RAW DATA below:

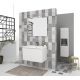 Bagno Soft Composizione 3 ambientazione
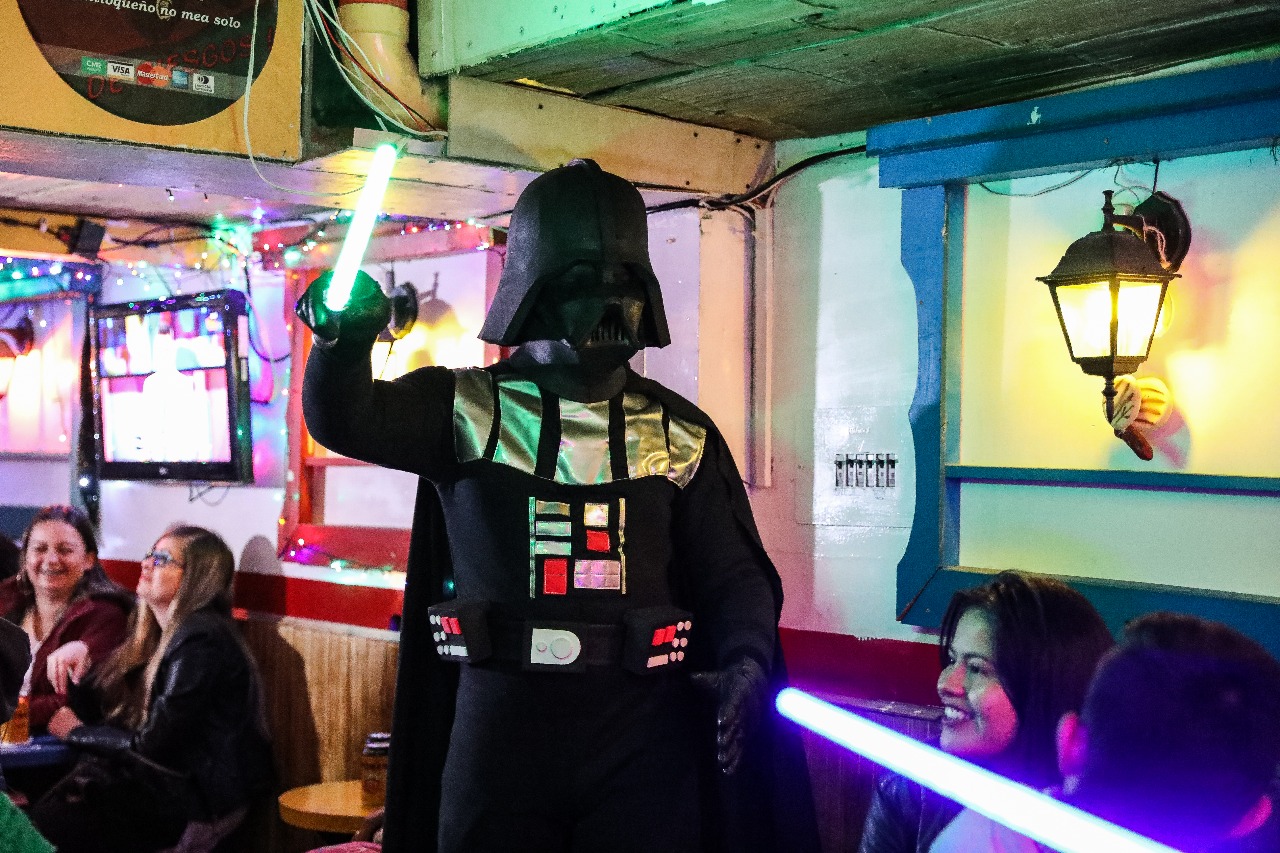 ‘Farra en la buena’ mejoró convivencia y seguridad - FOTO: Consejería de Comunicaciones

End of RAW DATA.
RAW DATA below:

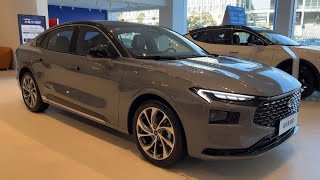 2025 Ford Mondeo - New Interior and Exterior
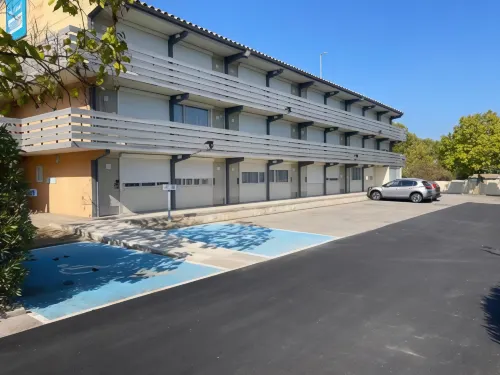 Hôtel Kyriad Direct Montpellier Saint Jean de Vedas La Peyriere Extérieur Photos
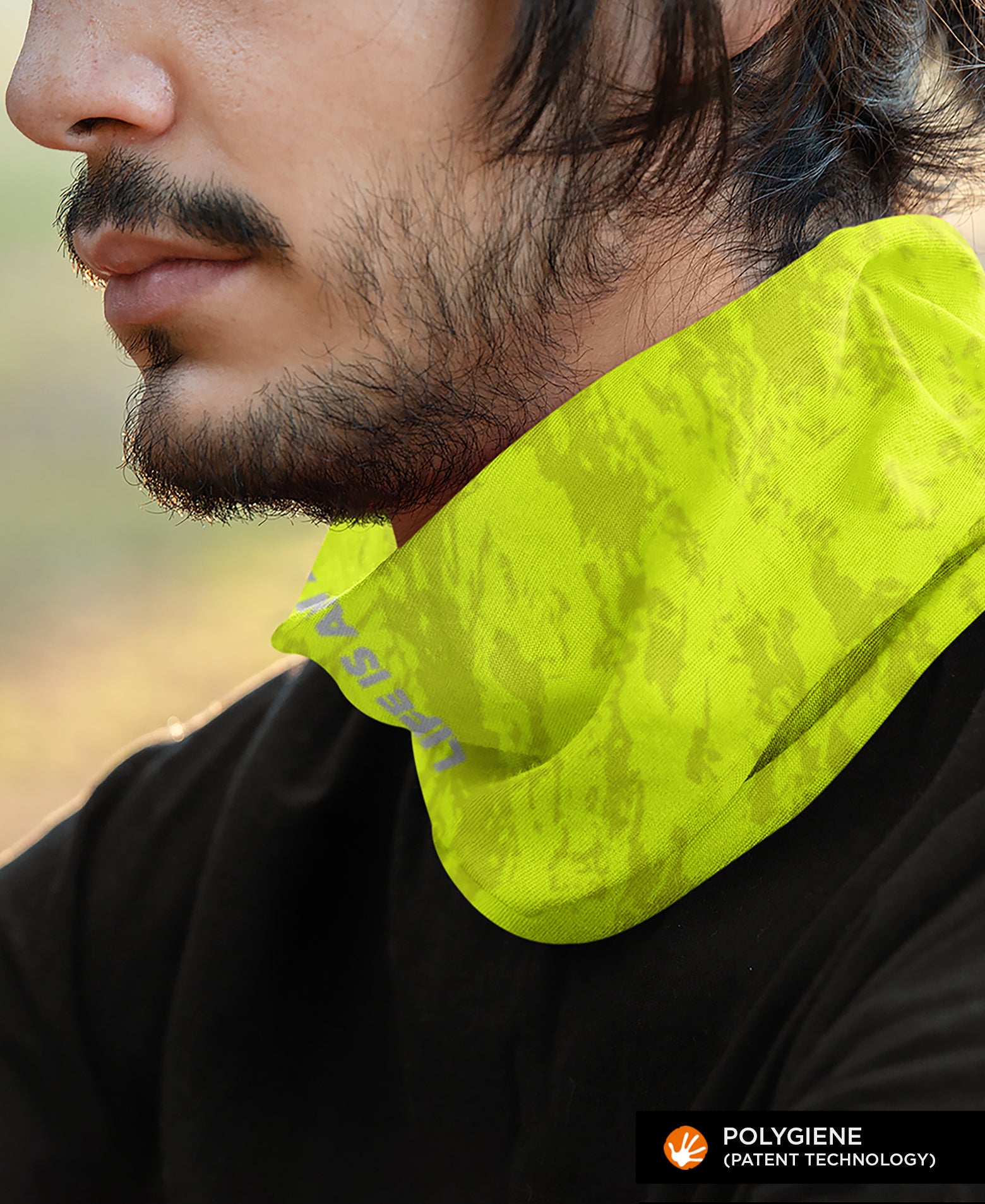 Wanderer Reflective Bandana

End of RAW DATA.

## PROMPT
Range to copy from the records above: the line containing "Bagno Soft Composizione 3 ambientazione" to the line containing "Consejería de Comunicaciones", both included. Output those lines exactly and only those, skipping pictures.

## RESULT FOR THIS TASK
 Bagno Soft Composizione 3 ambientazione
 ‘Farra en la buena’ mejoró convivencia y seguridad - FOTO: Consejería de Comunicaciones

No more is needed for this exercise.